Ripple Prime, the institutional prime brokerage arm established through Ripple's $1.25 billion acquisition of Hidden Road, has been formally added to the Depository Trust & Clearing Corporation's (DTCC) National Securities Clearing Corporation (NSCC) participant directory. The listing, effective March 2, 2026, assigns Ripple Prime the clearing broker code 0443 and executing broker alpha HRFI, with approval for over-the-counter (OTC) trades confirmed in a DTCC notice dated February 27.
This integration marks a pivotal shift, moving Ripple from the periphery to the operational core of Wall Street's post-trade infrastructure. For the first time, XRP-linked infrastructure has direct access to U.S. clearing rails traditionally used by prime brokerages. The NSCC, which processes over $2 quadrillion in transactions annually, now includes Ripple Prime as a participant with full clearing and executing broker credentials, not merely as a technology vendor.
The mechanics enable Ripple Prime to route institutional post-trade volumes directly onto the XRP Ledger (XRPL), combining the NSCC's risk and settlement framework with XRPL's settlement finality measured in seconds. This architecture targets the "dormant capital problem," where trillions of dollars sit idle during legacy T+1 or T+2 settlement cycles. Ripple Prime's service stack covers clearing, financing, OTC spot trading for XRP and the RLUSD stablecoin, and prime services across both traditional and crypto assets.

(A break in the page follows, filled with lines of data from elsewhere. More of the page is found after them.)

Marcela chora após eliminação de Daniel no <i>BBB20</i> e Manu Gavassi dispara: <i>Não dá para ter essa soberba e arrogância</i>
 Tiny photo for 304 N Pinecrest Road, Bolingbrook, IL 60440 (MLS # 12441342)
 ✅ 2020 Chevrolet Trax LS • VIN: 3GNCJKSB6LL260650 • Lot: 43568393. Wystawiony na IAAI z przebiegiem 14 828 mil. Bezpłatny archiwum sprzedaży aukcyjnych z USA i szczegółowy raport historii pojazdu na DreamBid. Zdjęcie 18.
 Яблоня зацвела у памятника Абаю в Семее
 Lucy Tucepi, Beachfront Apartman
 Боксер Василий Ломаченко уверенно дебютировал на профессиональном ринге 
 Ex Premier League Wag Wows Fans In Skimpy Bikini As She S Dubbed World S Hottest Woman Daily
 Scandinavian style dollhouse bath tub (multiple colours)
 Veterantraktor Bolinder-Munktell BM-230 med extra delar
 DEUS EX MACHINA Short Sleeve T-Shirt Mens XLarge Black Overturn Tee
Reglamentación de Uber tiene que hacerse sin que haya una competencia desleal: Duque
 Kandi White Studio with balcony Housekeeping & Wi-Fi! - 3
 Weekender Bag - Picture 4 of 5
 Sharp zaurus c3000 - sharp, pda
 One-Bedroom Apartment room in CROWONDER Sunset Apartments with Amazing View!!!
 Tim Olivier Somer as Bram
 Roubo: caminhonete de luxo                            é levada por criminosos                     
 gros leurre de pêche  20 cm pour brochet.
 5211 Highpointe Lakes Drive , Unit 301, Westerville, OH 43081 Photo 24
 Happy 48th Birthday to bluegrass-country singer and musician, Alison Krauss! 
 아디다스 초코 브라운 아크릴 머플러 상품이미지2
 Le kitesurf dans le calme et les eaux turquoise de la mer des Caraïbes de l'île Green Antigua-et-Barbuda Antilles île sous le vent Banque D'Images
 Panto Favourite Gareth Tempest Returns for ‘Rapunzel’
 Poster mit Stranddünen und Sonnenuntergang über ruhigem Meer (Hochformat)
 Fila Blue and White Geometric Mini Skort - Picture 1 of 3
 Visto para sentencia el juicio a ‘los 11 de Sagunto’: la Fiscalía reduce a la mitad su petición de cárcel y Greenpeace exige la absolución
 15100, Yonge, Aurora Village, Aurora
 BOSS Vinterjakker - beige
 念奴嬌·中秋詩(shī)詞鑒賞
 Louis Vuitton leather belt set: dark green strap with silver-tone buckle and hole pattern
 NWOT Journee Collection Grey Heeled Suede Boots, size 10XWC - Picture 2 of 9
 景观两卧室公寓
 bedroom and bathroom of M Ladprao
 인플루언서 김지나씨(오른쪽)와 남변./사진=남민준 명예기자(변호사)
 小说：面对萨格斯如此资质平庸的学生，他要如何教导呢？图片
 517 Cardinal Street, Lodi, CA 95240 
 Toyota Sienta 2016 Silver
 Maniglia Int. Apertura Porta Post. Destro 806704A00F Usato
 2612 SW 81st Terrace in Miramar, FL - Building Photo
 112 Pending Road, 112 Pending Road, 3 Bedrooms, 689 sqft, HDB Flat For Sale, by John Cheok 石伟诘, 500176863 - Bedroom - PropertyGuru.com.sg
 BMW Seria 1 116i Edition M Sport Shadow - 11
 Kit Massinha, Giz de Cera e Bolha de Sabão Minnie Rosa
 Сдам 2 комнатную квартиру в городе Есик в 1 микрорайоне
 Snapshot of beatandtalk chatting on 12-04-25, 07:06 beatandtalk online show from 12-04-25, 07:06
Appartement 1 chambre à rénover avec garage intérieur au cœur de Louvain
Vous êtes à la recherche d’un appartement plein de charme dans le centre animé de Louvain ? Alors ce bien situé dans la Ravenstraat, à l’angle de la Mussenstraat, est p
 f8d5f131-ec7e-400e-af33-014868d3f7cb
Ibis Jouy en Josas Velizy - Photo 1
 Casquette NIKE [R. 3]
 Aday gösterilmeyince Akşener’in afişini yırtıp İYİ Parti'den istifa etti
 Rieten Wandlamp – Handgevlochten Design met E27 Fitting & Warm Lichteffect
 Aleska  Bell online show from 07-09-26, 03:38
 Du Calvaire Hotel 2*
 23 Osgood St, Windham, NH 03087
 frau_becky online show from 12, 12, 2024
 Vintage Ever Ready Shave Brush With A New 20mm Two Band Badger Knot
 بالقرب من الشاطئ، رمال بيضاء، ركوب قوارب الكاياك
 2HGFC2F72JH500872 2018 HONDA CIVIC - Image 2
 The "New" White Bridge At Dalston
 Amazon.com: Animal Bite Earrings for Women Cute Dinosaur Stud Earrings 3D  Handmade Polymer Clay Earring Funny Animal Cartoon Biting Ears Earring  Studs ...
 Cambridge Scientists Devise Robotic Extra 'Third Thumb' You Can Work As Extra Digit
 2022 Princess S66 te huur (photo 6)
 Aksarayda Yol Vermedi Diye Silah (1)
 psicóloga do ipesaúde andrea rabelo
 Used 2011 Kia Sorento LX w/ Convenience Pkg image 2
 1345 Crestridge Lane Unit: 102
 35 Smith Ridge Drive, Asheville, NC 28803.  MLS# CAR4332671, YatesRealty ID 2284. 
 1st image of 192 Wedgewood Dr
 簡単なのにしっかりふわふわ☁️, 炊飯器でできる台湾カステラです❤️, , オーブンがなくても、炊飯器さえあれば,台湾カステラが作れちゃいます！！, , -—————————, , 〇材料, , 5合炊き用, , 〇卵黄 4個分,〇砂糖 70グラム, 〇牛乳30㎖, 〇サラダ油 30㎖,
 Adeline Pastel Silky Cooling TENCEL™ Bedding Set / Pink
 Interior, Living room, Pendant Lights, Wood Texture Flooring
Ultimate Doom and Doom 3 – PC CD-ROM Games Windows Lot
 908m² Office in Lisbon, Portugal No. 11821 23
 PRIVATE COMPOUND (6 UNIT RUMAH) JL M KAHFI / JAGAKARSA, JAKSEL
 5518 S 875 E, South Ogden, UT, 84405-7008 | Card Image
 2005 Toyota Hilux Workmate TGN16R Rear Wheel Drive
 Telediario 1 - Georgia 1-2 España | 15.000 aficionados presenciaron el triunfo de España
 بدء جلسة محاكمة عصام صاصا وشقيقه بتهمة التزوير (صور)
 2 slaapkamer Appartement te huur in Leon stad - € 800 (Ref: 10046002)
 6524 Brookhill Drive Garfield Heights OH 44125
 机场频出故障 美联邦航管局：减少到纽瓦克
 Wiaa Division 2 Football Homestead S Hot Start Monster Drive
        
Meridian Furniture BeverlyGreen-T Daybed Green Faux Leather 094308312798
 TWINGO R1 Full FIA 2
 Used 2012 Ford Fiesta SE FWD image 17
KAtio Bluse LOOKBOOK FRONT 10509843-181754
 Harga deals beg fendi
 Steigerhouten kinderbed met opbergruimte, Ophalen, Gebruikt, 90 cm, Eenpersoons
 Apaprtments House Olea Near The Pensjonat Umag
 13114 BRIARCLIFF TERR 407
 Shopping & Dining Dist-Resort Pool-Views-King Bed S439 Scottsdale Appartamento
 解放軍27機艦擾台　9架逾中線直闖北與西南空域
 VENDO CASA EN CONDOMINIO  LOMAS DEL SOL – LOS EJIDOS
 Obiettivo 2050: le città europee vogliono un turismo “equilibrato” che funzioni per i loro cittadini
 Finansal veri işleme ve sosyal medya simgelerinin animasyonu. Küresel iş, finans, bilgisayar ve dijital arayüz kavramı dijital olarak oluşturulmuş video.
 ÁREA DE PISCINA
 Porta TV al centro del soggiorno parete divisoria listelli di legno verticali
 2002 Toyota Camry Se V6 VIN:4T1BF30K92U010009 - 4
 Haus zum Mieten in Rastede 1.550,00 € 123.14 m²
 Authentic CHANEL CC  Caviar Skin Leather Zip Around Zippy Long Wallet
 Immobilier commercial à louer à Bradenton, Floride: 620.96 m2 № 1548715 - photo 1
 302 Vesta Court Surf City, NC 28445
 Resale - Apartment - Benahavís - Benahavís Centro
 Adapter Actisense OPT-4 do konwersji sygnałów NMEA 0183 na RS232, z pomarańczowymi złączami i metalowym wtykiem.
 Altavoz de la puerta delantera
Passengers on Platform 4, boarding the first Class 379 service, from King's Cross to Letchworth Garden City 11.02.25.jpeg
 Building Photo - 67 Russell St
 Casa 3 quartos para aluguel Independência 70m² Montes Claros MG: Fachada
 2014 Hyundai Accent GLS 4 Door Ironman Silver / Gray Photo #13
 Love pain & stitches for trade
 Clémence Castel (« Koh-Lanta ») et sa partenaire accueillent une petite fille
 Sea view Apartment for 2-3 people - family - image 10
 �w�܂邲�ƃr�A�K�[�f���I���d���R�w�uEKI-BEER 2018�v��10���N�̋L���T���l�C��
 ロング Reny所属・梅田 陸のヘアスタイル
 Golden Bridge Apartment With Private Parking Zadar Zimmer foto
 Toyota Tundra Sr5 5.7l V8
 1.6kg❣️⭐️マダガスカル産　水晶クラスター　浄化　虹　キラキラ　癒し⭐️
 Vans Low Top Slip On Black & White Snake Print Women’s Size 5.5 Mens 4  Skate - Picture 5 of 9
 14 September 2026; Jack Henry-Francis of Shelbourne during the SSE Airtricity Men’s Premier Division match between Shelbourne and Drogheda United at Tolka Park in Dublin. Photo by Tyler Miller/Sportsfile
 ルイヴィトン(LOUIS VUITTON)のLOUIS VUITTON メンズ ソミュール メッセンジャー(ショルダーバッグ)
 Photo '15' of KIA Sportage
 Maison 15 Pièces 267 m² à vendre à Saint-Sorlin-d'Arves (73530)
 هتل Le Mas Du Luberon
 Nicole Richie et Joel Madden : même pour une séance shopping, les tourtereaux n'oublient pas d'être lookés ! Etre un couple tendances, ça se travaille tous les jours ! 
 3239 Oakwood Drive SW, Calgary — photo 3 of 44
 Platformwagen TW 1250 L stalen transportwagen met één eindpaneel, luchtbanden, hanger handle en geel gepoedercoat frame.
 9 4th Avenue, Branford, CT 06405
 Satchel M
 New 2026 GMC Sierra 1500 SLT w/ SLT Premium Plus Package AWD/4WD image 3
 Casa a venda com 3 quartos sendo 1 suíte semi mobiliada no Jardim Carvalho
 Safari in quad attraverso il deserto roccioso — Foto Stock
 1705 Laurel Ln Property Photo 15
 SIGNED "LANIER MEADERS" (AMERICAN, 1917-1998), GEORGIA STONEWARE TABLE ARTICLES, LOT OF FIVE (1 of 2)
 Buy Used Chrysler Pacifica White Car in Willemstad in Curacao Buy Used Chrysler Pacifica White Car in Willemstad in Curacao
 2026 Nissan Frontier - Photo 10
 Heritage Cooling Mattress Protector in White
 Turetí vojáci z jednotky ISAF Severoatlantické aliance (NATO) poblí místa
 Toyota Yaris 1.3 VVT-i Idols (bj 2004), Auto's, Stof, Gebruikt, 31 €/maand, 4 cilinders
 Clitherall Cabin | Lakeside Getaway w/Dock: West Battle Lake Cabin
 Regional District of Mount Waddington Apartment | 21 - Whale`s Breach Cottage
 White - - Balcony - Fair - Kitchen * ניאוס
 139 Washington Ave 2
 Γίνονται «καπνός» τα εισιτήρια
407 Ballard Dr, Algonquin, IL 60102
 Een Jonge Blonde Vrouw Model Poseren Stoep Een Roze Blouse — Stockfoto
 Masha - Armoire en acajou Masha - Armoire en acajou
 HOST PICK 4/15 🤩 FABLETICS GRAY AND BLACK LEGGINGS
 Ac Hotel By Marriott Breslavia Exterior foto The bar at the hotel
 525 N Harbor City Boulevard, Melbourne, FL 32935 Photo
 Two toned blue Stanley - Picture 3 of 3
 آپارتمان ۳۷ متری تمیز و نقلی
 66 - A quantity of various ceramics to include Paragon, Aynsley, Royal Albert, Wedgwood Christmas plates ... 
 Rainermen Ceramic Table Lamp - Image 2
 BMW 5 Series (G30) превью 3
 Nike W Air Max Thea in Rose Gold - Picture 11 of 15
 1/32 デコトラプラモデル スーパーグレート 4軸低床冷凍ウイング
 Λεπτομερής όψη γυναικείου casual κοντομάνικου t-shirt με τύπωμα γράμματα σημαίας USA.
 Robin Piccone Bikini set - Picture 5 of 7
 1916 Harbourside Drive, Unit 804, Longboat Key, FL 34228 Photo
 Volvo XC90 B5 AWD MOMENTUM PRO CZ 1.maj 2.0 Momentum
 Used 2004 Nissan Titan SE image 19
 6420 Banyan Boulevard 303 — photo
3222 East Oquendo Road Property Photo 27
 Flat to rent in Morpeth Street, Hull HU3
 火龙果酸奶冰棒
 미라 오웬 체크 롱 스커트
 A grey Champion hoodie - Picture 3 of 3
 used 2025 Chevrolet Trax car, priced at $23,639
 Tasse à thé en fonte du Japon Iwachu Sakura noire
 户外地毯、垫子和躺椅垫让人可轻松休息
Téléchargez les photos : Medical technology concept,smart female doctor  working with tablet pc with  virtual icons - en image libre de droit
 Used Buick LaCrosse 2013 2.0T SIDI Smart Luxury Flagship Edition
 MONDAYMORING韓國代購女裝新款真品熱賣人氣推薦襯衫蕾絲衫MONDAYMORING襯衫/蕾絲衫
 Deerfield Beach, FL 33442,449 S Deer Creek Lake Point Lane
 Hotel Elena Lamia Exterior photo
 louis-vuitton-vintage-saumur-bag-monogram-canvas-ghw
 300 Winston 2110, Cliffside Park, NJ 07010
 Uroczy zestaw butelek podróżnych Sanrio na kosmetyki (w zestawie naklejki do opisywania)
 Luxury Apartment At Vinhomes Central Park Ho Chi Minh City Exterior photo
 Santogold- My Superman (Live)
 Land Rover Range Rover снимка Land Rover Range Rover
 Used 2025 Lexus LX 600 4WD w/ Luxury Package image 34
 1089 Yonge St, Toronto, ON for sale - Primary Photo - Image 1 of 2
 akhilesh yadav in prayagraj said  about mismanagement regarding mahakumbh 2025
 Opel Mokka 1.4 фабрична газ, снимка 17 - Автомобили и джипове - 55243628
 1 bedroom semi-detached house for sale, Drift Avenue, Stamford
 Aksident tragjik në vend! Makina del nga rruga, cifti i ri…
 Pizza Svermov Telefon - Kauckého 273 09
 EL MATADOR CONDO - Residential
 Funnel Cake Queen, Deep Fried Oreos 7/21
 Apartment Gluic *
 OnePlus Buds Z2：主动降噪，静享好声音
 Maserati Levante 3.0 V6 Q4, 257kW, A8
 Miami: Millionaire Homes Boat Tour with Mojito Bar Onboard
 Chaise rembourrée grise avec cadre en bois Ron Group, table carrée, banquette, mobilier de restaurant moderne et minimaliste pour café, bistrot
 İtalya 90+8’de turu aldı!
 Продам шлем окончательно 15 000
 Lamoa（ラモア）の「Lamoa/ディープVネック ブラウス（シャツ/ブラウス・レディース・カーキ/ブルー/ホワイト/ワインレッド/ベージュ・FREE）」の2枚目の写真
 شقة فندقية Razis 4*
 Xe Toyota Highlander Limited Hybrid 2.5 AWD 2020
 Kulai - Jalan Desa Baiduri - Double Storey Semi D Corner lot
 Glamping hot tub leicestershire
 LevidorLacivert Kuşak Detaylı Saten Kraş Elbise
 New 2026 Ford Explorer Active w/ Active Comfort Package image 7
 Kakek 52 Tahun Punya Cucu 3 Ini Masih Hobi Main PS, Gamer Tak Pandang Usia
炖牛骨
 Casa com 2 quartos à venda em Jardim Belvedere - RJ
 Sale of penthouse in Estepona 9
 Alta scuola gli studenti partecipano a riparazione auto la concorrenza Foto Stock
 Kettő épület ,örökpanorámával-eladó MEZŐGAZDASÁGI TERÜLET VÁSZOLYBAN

This development is the culmination of a multi-phase buildout. DTCC's 2025 patent filings had already named Ripple and XRPL as compatible architecture for its tokenized finance framework. The acquisition of Hidden Road, which clears approximately $3 trillion annually, provided the necessary clearing capability and regulatory standing. The March 2026 NSCC listing established the live connectivity, creating a pathway for that volume to settle on XRPL rails.
Concurrently, Ripple is aggressively repositioning the XRP Ledger to address institutional concerns over privacy and security, which have limited public blockchain adoption in mainstream finance. The company is proposing "Confidential Transfers for Multi-Purpose Tokens" (Confidential MPTs), an extension of the XLS-33 standard. This design would encrypt balances and transfer amounts using zero-knowledge proofs while preserving issuer controls like freeze and clawback, aiming to make XRPL palatable for regulated use cases like tokenized funds and treasury management.
Furthermore, Ripple is implementing an AI-driven security initiative across the XRPL development cycle. This includes AI code scanning on pull requests, automated adversarial testing, and a dedicated AI-assisted red team that has already identified over 10 bugs. The next XRPL release will be devoted entirely to fixes, signaling a focus on operational reliability for institutional audiences.
Despite this significant infrastructure growth, analysts highlight a tension. Bitrue Research notes in a March 27 report that while the ecosystem is expanding into stablecoins, DeFi, and institutional services, this does not automatically translate into stronger value capture for the XRP token itself. The report outlines a base price case for XRP rising from around $1.40 to $1.80-$2.00 by September 2026, contingent on factors like RLUSD adoption and supportive regulation.